Wednesday, May 7, 2008
Daniel Farber (Berkeley Law) has just posted an article on SSRN entitled "Tort Law in the Era of Climate Change, Katrina and 9/11: Exploring Liability for Extraordinary Risks." The abstract follows:
Tort cases generally deal with routine risks - the kind of risk that a person encounters as a result of driving a car or buying a product. These risks are also staples of the insurance industry. Today, however, society faces risks that threaten massive harms to large segments of the public. Such risks materialized with 9/11 and Hurricane Katrina, and may confront us with climate change.
The first part of this article is comprised of case studies of how the tort system has responded to catastrophic risks such as large-scale flooding, terrorist acts, and climate change. Liability approaches vary depending on the problem and jurisdiction, but there is at least no consistent pattern of immunity for those who have created catastrophic risks or failed to take reasonable precautions against them.

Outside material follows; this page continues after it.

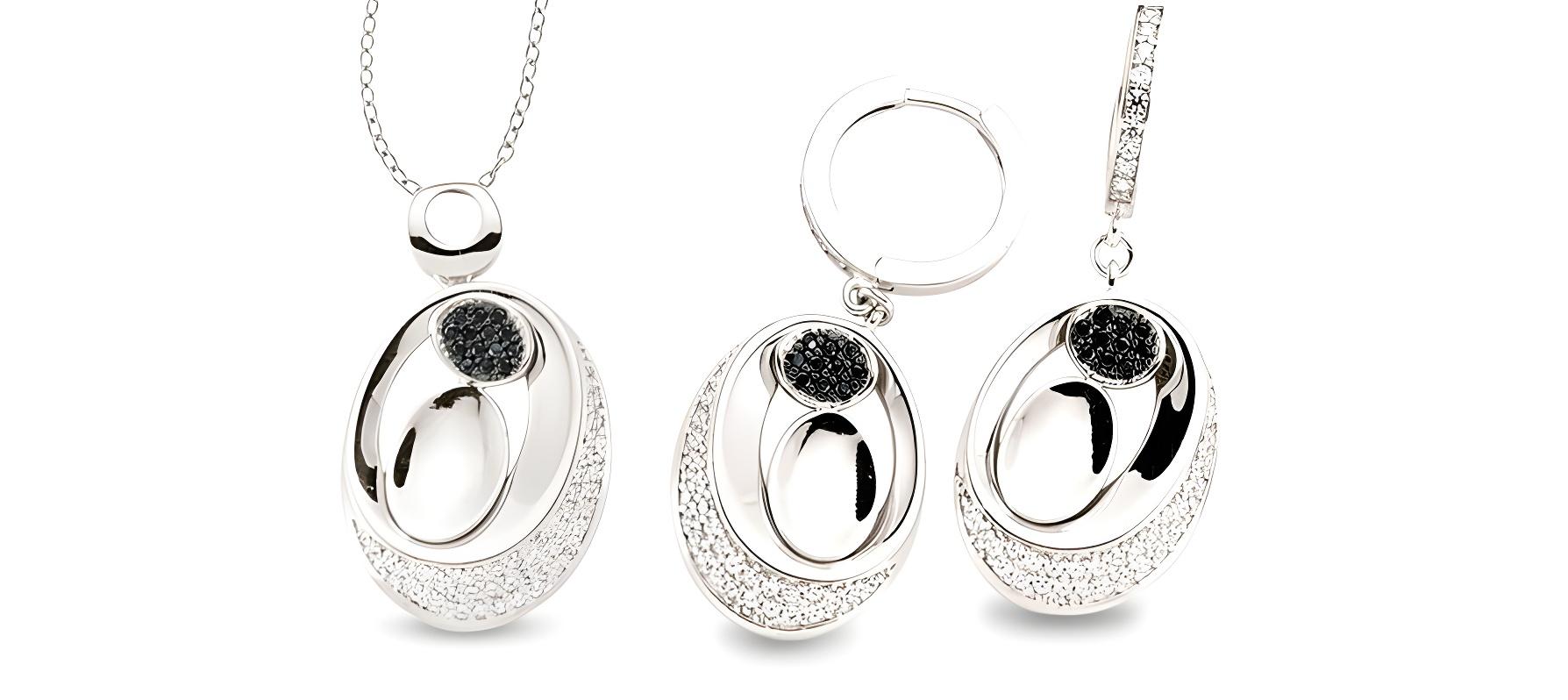 Schmuckset aus Silber Zirkonia schwarz weiss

Part II examines how compensation for catastrophic risks could contribute to societal goals such as deterring undesirable risks and social risk-spreading. The risk-spreading goal is particularly important because of the reluctance of private insurers to cover such risks. Compensation, whether administrative or judicial, might also contribute to stronger risk prevention or mitigation, and under some circumstances would advance corrective justice.